2月9日付け日経新聞総合面に「アパート投資、厳しい視線 ~地銀の融資 窓口閉めた~」との記事が掲載されておりました。
記事は、(株)レオパレス21の業績悪化に関連したものでしたが、「レオパレス21の不正発覚などによりアパート投資への不信感が拡がった」、「スルガ銀行の不正融資問題で金融機関がアパート融資に消極姿勢に転じた」とし、「相続税対策を担ってきたアパート投資を敬遠するオーナーが増える可能性がある」との懸念を示しています。

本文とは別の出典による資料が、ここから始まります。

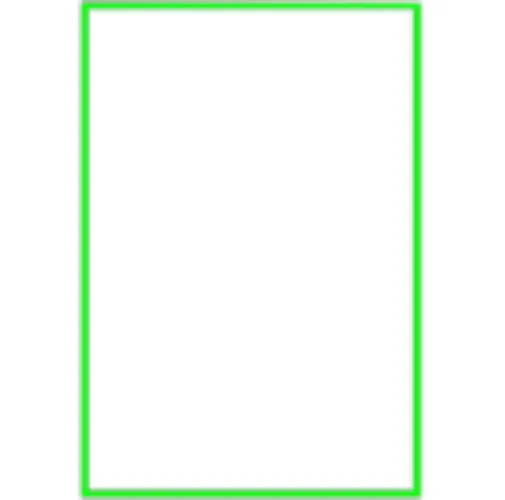 Estuche viaje reciclado RCS Swiss Peak con cargador 3 en 1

賃貸住宅への投資に関しては、平成27年に相続税が改正されたこと(基礎控除の減額や税率の一部引き上げなど)を受けて活発化したとされ、その活発化を後押ししたのが地方銀行による積極的な融資とされます。平成20年あたりから世の中の資金需要の低迷などに貸出残高は減少する一方で、預金残高は増加の一途となり、預貸率(貸出残高÷預金残高)が低下し続け、運用先を探していたところに、救世主が現れた格好と言えます。(いかにも元銀行員のような視点で申し訳ありません)
実際に、国内銀行の不動産業向け貸し出し残高は、昨年12月時点で約79兆円まで拡大し、過去最高額を4年続けて更新中です。ミニバブル状態にあった賃貸住宅市場に前述の通り、変調の兆しが見られる、ということになります。そもそもここ10年間、全国的には空き家数が増加し、空き家率が上昇している中で、賃貸住宅をはじめとする住宅建築着工件数が堅調に推移していたこと自体が、歪みを大きくしたとも言えましょう。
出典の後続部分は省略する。